● **YOUR OBJECTIVE**
Starting with the line below that holds "Bobine en plastique" and stopping after the line that holds "Certified 2025 Chevrolet", transcribe the lines exactly, leaving out all pictures.

● **MATERIAL SUPPLIED**

▼▼▼

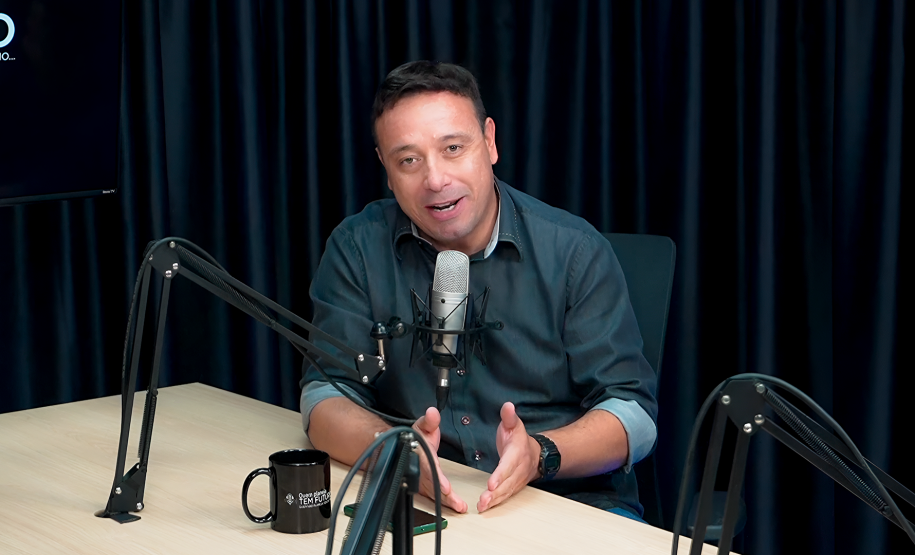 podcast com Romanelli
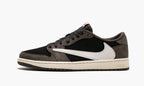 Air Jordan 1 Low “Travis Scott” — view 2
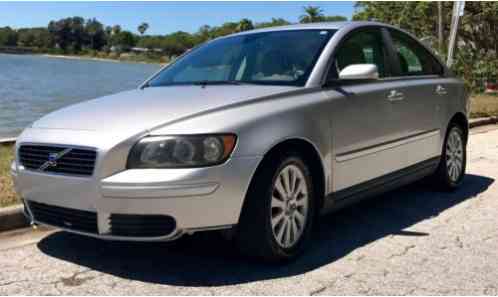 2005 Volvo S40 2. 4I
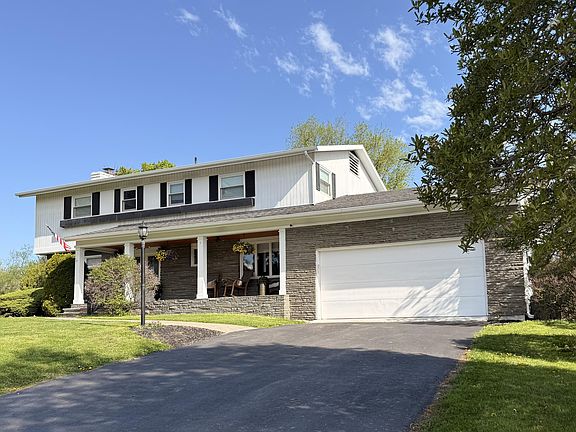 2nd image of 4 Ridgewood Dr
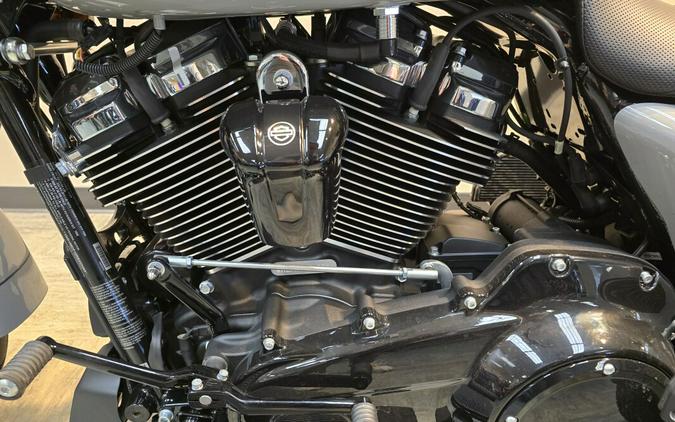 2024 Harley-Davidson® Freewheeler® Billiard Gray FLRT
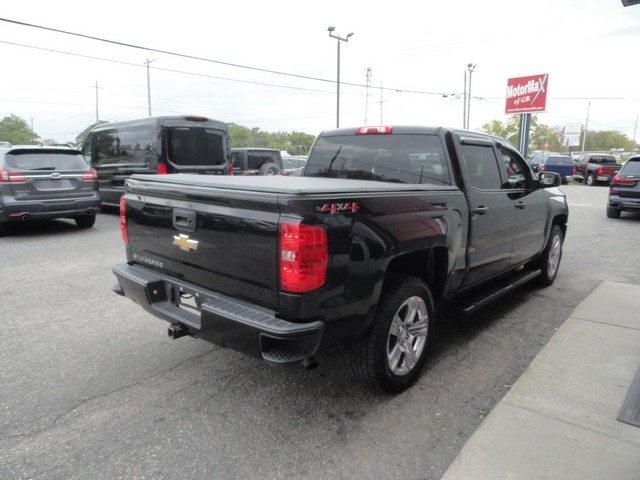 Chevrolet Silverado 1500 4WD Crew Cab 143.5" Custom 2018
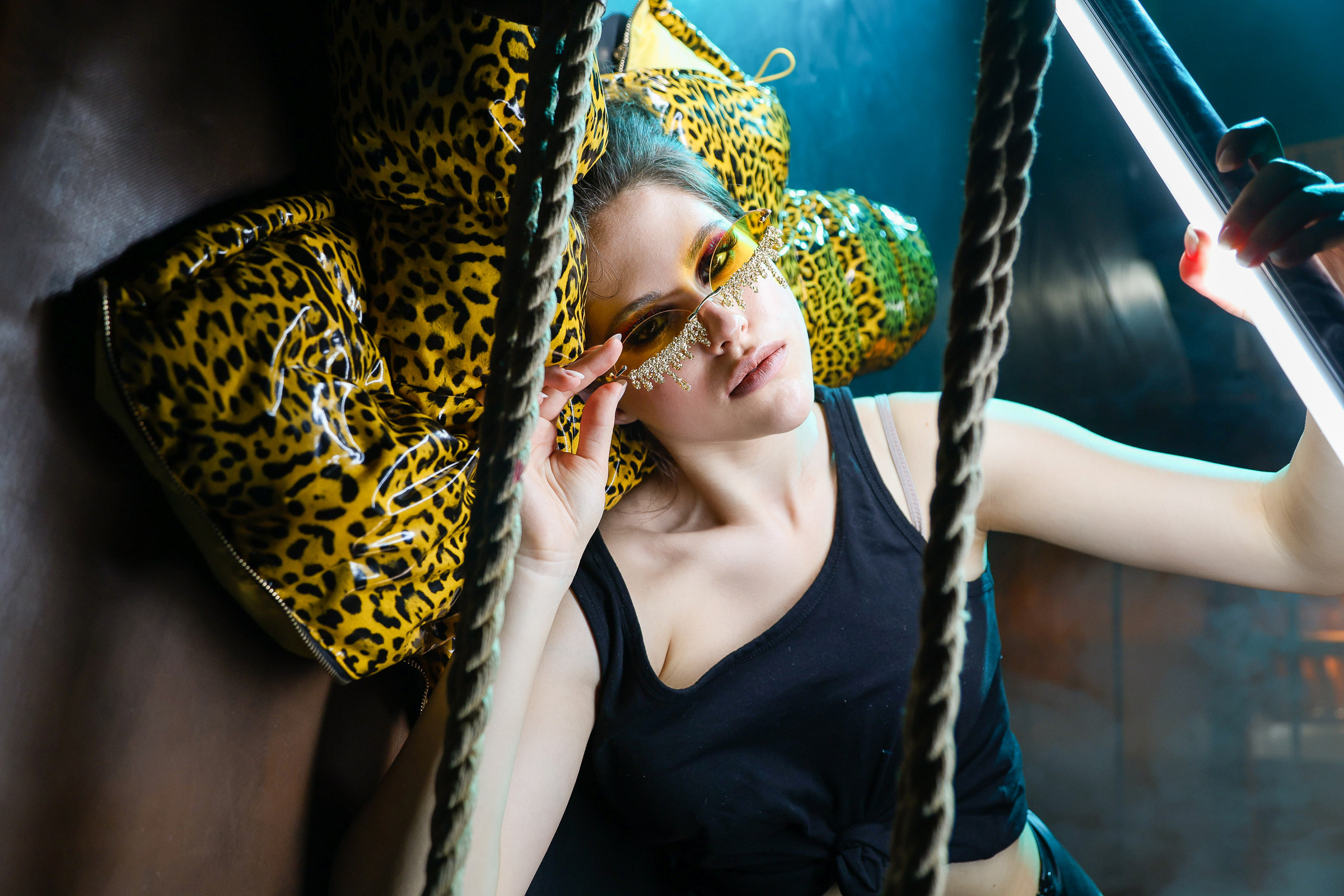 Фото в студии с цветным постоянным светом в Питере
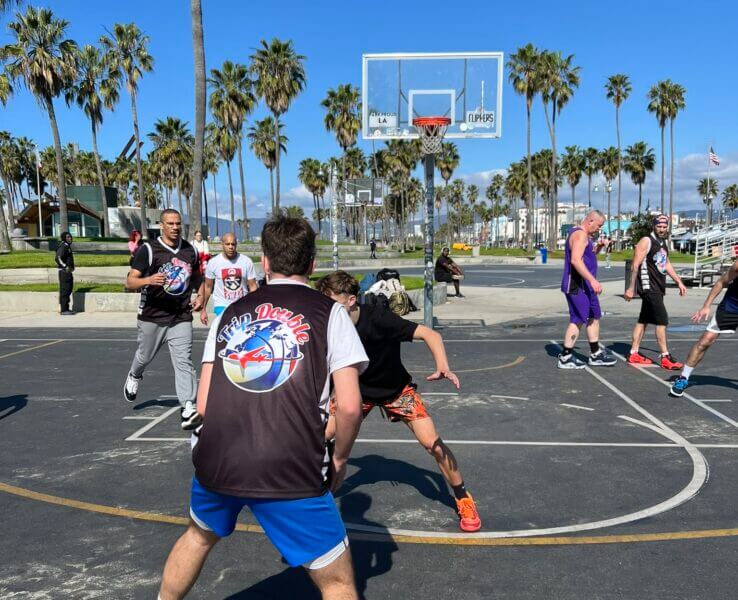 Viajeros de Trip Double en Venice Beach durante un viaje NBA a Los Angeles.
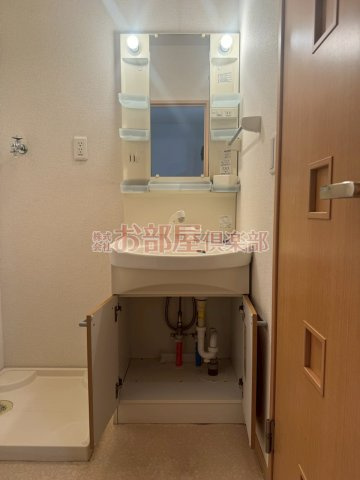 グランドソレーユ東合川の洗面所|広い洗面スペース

▲▲▲
▼▼▼

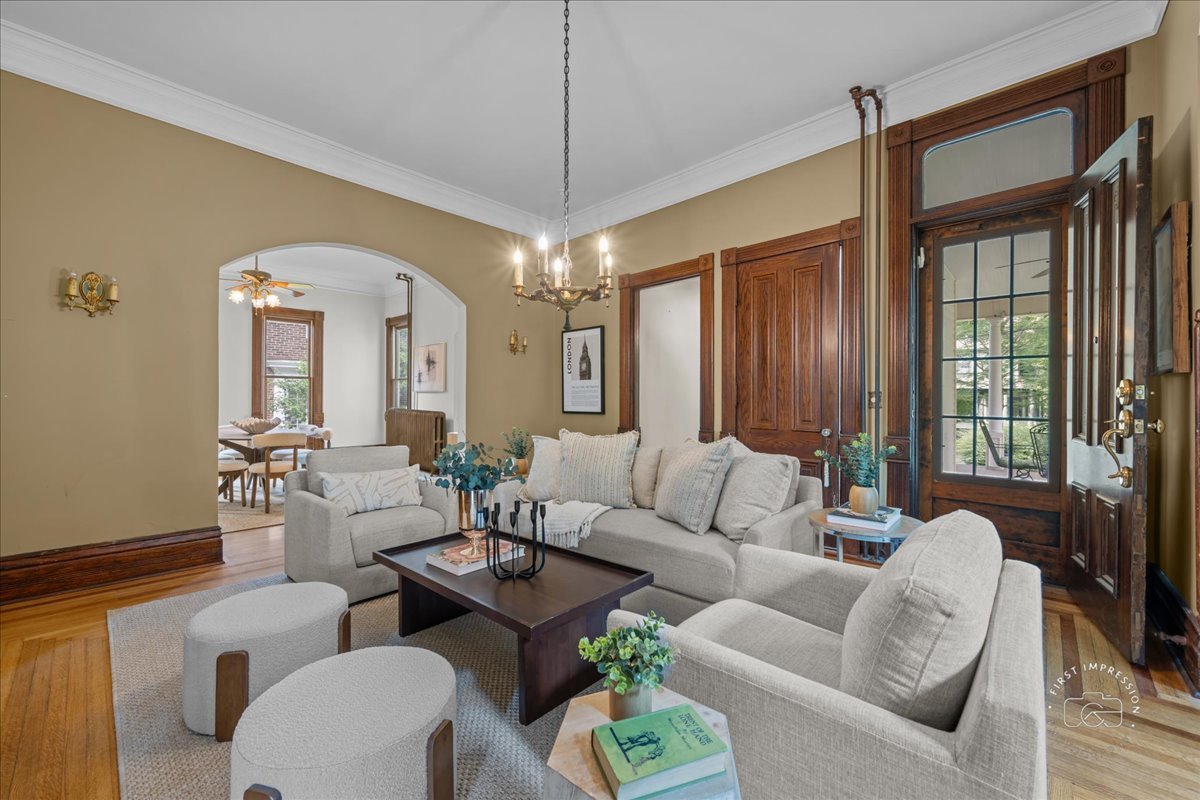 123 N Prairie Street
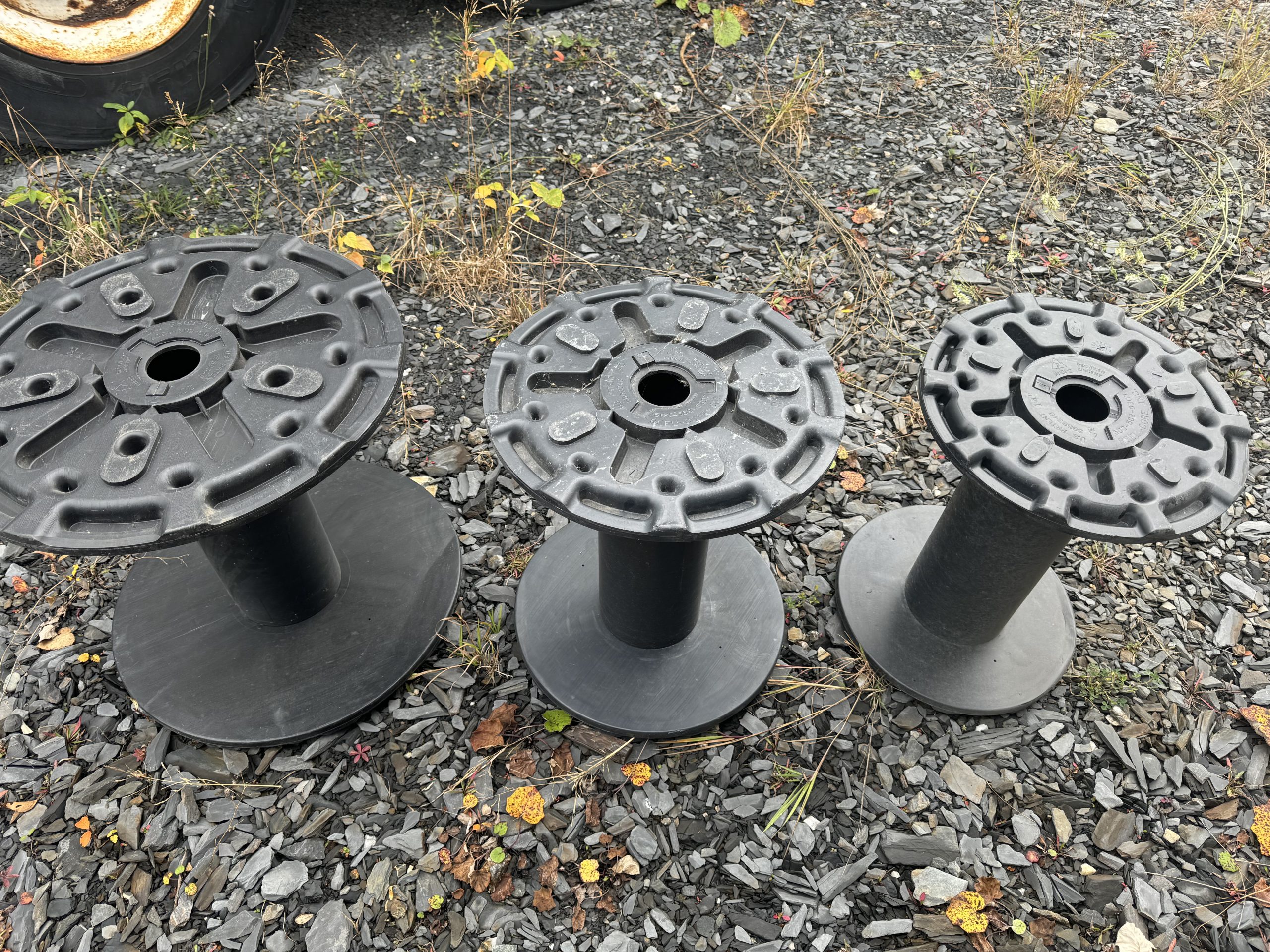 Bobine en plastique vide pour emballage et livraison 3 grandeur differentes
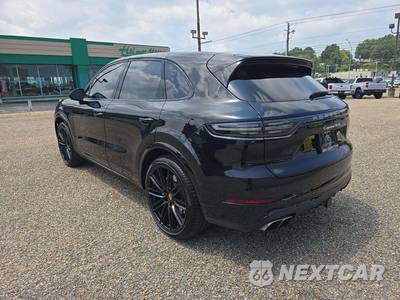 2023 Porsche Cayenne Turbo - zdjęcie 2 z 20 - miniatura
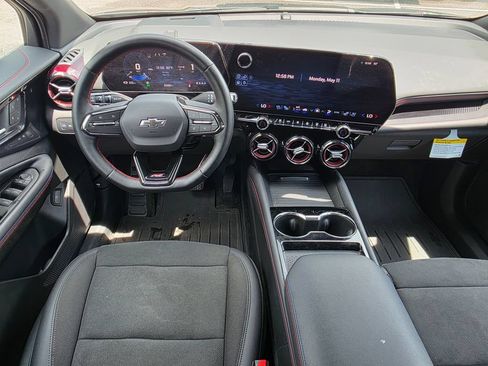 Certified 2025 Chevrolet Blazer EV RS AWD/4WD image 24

▲▲▲

● **ANSWER FOR THIS EXERCISE**
 Bobine en plastique vide pour emballage et livraison 3 grandeur differentes
 2023 Porsche Cayenne Turbo - zdjęcie 2 z 20 - miniatura
 Certified 2025 Chevrolet Blazer EV RS AWD/4WD image 24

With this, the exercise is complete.